A myriad of cloud features can be observed, including fog in the valleys of central Appalachia, deep convective clouds along the Florida coast, patches of thin and thick cirrus over north-central Alabama, and low stratus clouds in Missouri…to name just a few. Sure, this isn’t an exhaustive list of the potential cloud features to observe, but showcases the ability to contrast effectively between different cloud types. Of perhaps significant interest is the ability to see the contrasting airmasses displayed across the Southeast region. Notice the pinkish colors north and west of the yellow curved line that stretches from central Louisiana to southern Virginia. This represents a lower relative contribution of blue color, or lesser longwave radiation at the 10.8 µm wavelength, which is indicative of cooler temperatures. To the south and east of this line, much more blue is apparent, which is thus indicative of warmer temperatures.
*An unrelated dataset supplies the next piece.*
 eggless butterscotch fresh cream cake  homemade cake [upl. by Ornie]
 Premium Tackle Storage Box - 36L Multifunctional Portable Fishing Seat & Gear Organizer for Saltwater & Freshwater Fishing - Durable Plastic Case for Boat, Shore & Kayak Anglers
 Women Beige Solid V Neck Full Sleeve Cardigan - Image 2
Surface observations valid at about the same time have been overlaid with the RGB image to provide temperature data context. Air and dew point temperatures are around 10 degrees F cooler behind the line/front, but notice that the northerly wind shift is still on the south/east side of the line at such locations as Montgomery, AL and Columbus, GA. At those locations, dew point temperatures were still 70 and 71 F, respectively, with air temperatures at 72 F. So, the gradient in temperatures still lingered behind the surface front and is well depicted in the RGB imagery. This type of information can be valuable to forecasters, as temperature, moisture, and wind characteristics are often complex in the vicinity of surface fronts. Thus, while wind shifts may be observed initially, as in this case, the imagery shows the location of the temperature gradient much better.
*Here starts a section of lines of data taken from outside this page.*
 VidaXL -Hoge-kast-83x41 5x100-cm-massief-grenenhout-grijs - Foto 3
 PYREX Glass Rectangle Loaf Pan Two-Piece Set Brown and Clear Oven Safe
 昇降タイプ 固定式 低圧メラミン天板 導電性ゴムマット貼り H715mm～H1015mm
The importance of this type of imagery is that it offers a much more effective assessment of meteorological phenomena than existing GOES imagery. The only problem currently is the limitation of available imagery to forecasters, since these are from polar-orbiting platforms (Terra, Aqua, Suomi NPP), and thus provide just a few snapshots per night over a given location. Nevertheless, the imagery form the VIIRS and MODIS instruments offer added value to existing GOES imagery and serve as valuable teaching and preparatory aids for future GOES-R and JPSS missions.